Easy, sweet Valentine treats
Want to make something tasty for your Valentine, but cooking is not your thing? These no-fuss goodies are bound to earn a well-deserved kiss or two.
Chocolate sorbet
1 cup full cream milk;
1/2 cup sugar;
1/4 cup cocoa powder;
150g 70% dark chocolate
In a saucepan bring milk to the boil with the sugar and cocoa powder and whisk. But watch it – it can boil over before you can blink! Reduce heat and simmer for 10 minutes. Set aside while you melt the chocolate in a saucepan and whisk it into the milk mixture. Chill in the fridge for an hour, then pour into a suitable metal container, cover with foil and freeze.
Chocolate chestnut truffles
200g dark chocolate broken into small, even sized pieces;
100g chestnut puree;
200g fresh double cream;
75g unrefined light brown sugar;
25g cocoa powder
Line a 20cm x 16cm baking tray with baking parchment. In a double-boiler or heat proof bowl over boiling water place chocolate, chestnut puree and cream and sugar and heat gently until melted. Remove and mix until evenly blended. Spread on tray and place in fridge until set for at least 1 hour. When set, use a teaspoon to scoop out evenly sized balls and roll between palms. Put cocoa powder in a shallow bowl and toss each truffle in the powder. Repeat until all are coated. Store in an airtight container in the fridge for up to 1 week.

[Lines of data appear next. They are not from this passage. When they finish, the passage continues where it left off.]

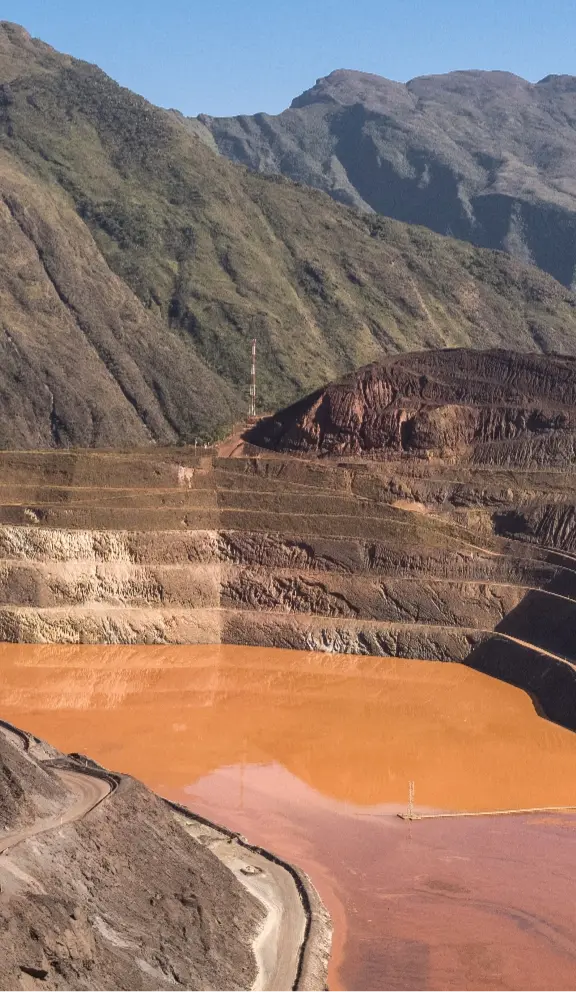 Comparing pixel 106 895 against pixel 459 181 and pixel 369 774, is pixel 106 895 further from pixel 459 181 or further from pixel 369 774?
pixel 459 181

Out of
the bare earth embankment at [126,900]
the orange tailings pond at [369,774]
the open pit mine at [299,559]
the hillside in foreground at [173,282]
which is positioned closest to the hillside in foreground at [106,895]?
the bare earth embankment at [126,900]

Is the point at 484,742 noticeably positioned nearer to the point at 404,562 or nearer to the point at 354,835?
the point at 354,835

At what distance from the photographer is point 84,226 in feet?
307

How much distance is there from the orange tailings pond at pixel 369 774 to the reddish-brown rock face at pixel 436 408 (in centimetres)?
1433

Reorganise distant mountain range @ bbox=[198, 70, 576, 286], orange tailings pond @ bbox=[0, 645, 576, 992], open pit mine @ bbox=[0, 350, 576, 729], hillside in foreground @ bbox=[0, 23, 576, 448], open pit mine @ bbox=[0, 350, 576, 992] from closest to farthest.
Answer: open pit mine @ bbox=[0, 350, 576, 992] < orange tailings pond @ bbox=[0, 645, 576, 992] < open pit mine @ bbox=[0, 350, 576, 729] < hillside in foreground @ bbox=[0, 23, 576, 448] < distant mountain range @ bbox=[198, 70, 576, 286]

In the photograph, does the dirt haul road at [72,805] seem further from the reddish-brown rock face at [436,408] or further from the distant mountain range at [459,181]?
the distant mountain range at [459,181]

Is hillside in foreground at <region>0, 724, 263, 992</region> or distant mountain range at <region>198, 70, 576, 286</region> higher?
distant mountain range at <region>198, 70, 576, 286</region>

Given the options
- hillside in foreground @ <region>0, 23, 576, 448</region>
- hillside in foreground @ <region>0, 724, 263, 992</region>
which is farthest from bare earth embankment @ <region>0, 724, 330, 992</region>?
hillside in foreground @ <region>0, 23, 576, 448</region>

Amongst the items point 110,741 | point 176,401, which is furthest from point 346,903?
point 176,401

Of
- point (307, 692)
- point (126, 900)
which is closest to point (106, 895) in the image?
point (126, 900)

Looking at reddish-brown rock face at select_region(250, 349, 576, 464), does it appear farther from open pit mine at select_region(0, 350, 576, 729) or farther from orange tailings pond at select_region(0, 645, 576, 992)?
orange tailings pond at select_region(0, 645, 576, 992)

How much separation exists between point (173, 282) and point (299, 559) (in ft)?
178

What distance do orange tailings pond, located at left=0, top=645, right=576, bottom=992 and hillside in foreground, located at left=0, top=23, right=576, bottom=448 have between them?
120 feet

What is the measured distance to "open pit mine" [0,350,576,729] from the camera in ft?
129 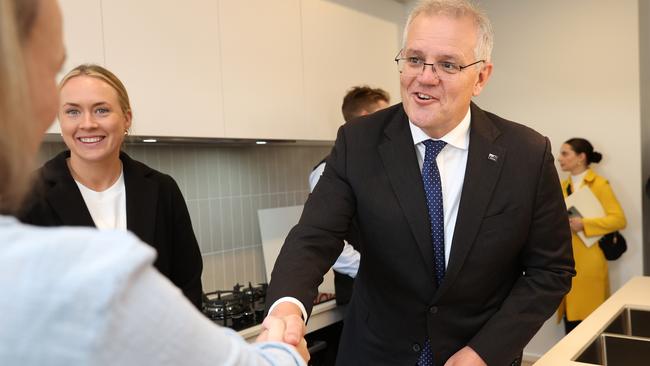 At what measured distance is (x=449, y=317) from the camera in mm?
1422

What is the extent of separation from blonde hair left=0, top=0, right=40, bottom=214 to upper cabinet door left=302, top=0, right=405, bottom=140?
7.92ft

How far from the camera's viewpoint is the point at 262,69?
2.60 metres

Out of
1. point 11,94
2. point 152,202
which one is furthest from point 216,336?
point 152,202

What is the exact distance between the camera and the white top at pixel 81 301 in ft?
1.29

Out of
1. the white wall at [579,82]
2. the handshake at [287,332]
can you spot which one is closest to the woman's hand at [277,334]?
the handshake at [287,332]

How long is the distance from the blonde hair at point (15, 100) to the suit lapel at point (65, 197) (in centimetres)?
119

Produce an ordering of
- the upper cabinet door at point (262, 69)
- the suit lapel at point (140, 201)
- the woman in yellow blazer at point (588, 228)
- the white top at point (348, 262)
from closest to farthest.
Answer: the suit lapel at point (140, 201)
the upper cabinet door at point (262, 69)
the white top at point (348, 262)
the woman in yellow blazer at point (588, 228)

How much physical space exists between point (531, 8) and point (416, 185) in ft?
10.5

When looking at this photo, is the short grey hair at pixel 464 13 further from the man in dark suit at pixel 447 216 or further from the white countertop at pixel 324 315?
the white countertop at pixel 324 315

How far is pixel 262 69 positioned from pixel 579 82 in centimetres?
242

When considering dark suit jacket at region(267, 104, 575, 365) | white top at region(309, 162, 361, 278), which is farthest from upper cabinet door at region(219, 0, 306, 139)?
dark suit jacket at region(267, 104, 575, 365)

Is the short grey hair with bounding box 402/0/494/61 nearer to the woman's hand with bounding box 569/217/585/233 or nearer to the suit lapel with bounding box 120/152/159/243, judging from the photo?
the suit lapel with bounding box 120/152/159/243

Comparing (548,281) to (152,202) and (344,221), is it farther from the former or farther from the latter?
(152,202)

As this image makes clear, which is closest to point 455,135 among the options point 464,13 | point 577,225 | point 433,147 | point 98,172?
point 433,147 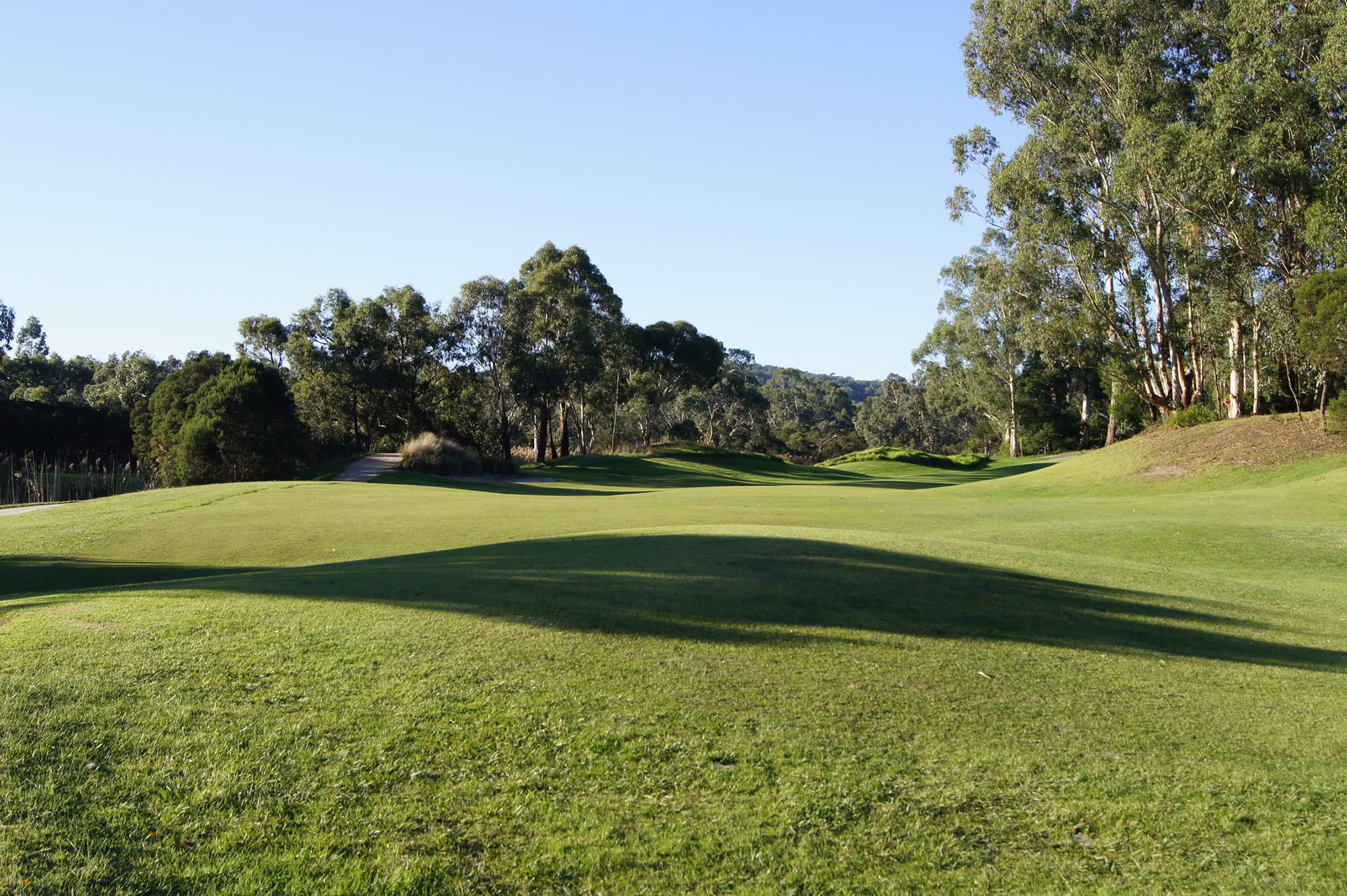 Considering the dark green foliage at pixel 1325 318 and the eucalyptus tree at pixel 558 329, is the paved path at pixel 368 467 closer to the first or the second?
the eucalyptus tree at pixel 558 329

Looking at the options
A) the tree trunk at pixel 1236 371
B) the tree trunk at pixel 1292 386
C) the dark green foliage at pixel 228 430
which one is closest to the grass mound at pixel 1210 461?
the tree trunk at pixel 1292 386

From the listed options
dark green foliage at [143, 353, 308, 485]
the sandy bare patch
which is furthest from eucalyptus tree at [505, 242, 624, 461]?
the sandy bare patch

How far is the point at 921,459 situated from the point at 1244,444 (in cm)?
2957

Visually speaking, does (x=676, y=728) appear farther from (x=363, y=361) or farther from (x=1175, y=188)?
(x=363, y=361)

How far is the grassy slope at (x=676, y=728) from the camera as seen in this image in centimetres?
402

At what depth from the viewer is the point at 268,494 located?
22.7m

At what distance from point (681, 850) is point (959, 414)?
346ft

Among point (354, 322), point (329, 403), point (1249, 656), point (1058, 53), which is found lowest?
point (1249, 656)

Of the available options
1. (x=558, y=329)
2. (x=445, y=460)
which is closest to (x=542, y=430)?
(x=558, y=329)

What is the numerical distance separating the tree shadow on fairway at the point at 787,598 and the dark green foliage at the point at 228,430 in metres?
25.0

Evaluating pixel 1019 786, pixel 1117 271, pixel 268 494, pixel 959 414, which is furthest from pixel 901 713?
pixel 959 414

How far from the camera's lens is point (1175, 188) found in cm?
3225

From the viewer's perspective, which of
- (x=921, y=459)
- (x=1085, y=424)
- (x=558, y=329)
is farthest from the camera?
(x=1085, y=424)

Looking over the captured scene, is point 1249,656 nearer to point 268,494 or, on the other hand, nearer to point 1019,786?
point 1019,786
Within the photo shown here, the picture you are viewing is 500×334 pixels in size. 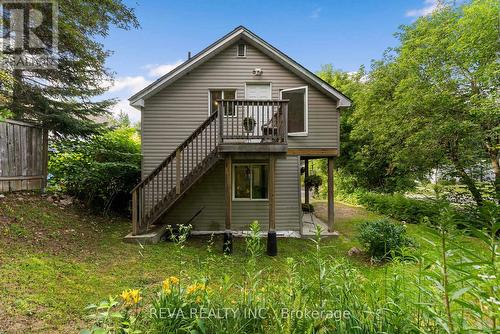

(Note: Tinned chestnut puree is available at good grocery stores).
Friandises
Wash and dry all fruit to be used. In the case of grapes, wash in soapy water, rinse thoroughly and dry. The coatingĀ will not stick to the fruit if these instructions are not followed.
250g sugar;
125ml water;
3ml cream of tartar
Dissolve sugar in water over medium heat. Add cream of tartar and stir to dissolve. Bring to boil and continue boiling until mixture begins to turn caramel coloured – this change starts at the outside edges of the mixture. Remove from heat and dip fruits into mixture, laying each on an oiled plate. Allow to harden and serve in tiny paper cups.
(Note: Do not dip fruit more than 2 – 3 hours before needed as they can become watery in more than that time.)
Quick glaze for nuts and fruit
Put 100g sugar and 2 Tblsps water into a pan. Bring to boil, stirring gently to dissolve sugar. Boil steadily over medium heat without stirring until a small quantity forms a soft ball in cold water. Dip fruits and nuts to be glazed into mixture and leave to set on greased, greaseproof paper.